16 plane flights in three weeks

16 plane flights in 3 weeks

In 1993 Kay spent nearly a month in Argentina, Paraguay, Brazil, and Uruguay, to meet folks who wanted help fighting World Bank-funded projects that were destroying natural habitat, and imperiling people who lived there.  I found a notebook she used during the trip, with a few journal entries.  It included a description of a boat trip in the Pantanal, the world’s largest wetland, and some of the fantastic wildlife she saw there.  Including predatory fish, and bugs…

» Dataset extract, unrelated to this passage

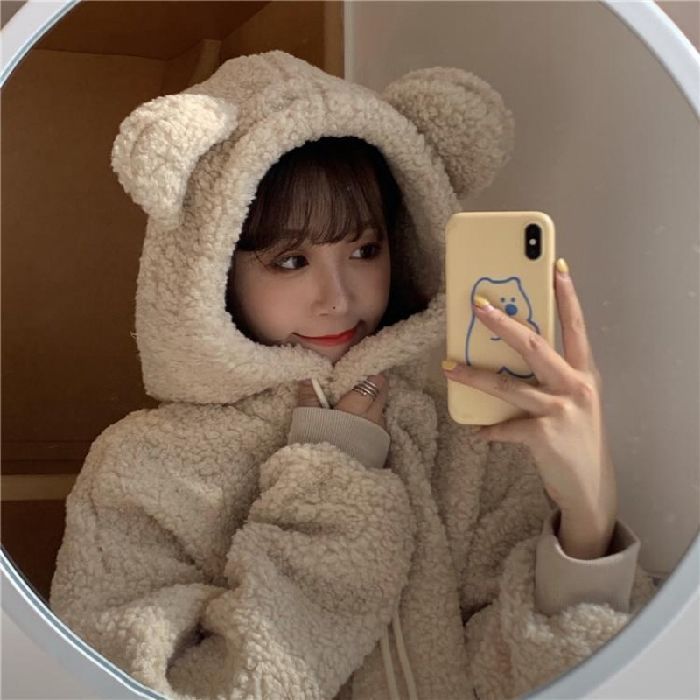 2020 new large imitation cashmere autumn and winter bear coat with cashmere thickening sweater for female students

“A night from hell.  It’s hot beyond imagination.  Our river boat has beached itself on a spit of sand for the night.  Our crew made us a huge dinner, including piranha soup.  We were hot, sweaty, dripping from sticky dirt, and went in swimming to cool off.  The ecology professor, Carolina, is telling us not to worry, since the piranha don’t swim on the wide, sandy parts of the river.  Meanwhile, on the other side of the boat, our hearty crew, who stood in the river up to their necks while drinking beer, had gone fishing.  They then showed us a bowl full of still-alive piranha captured from the waters we’d been swimming in.  Deborah sticks a table knife in one’s mouth and its tiny sharp teeth click on the metal, making a dangerous sound.  No piranhas, eh? But we get to eat them instead of them eating us.  Sopa de Piranha is actually not too bad!

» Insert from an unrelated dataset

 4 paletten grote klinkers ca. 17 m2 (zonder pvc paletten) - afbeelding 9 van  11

On the beach we made a huge fire to keep the mosquitos away.  The crew brings table and chairs from the boat to the beach, lays out an enormous feast, and we drink tons of beer.  After dinner I begin thinking about sleep, and realize a mosquito net would have been wise.  I first drag a mattress from the boat out to the beach, thinking there might be a breeze to keep the critters away.  I cover up and lay there for about 5 minutes, listening to the hum of the mosquitos, as they have no trouble finding me.  There is no breeze.

Next I drag the mattress back to the boat, and return for sleep in the tiny bunkroom/hot house/sardine can-without-air.  I claim the hammock again, this time on the river side of the deck.  There I cover my hot, sticky, sweaty body with an impermeable layer of repellent.  Then I cover myself up inside the hammock, making a tent with the sheet.  I lay, waiting for sleep to come, while the full moon rises over the water, and the night critters begin their loud, raucous bellowing.  Mosquitos, ignoring the repellent, are attacking me through the bottom of the hammock, seemingly by the thousands.

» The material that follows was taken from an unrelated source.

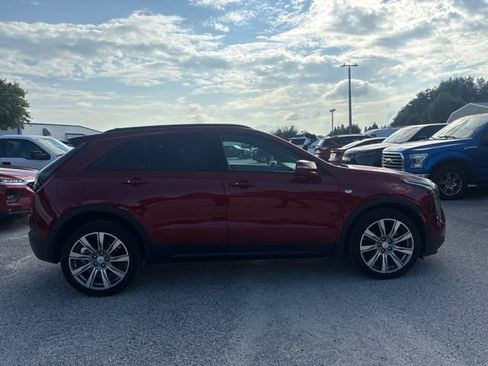Used 2019 Cadillac XT4 Sport AWD/4WD image 4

After about an hour of misery, my legs and back covered with welts that itch like crazy, I sit up and put on another layer of slimy chemical cream, this time hydrocortisone to stop the itching.  I lie back down in the hammock, make my little tent, and pray for a breeze, a wind, a rainstorm, something!

Meanwhile our grizzled captain, asleep on the deck below, starts snoring like a bandsaw.  Deborah and Beto, awake under a mosquito net, begin laughing.  The snoring and laughter continue, contributing to the river noise which is rising in pitch as the night wears on.  I am still being harassed by mosquitos.  There is no possibility of sleep.  This goes on for hours.

Finally, I decide that if I am going to keep from going insane, I have to change my strategy.  So I sit up in the hammock, cover my head and body with the sheet (now soaked in sweat, repellent, and itch cream), and look at the river.  To keep my mind from tortuous thoughts, I concentrate on river sounds.  I take one sound at a time, imagining the animals that are out there, hopefully eating mosquitos.  I decide that the price of the incredible diversity and abundance of life in this swamp is my blood.  I am part the food chain.  It’s OK, a small contribution of one sleepless night in this fantastic wilderness.”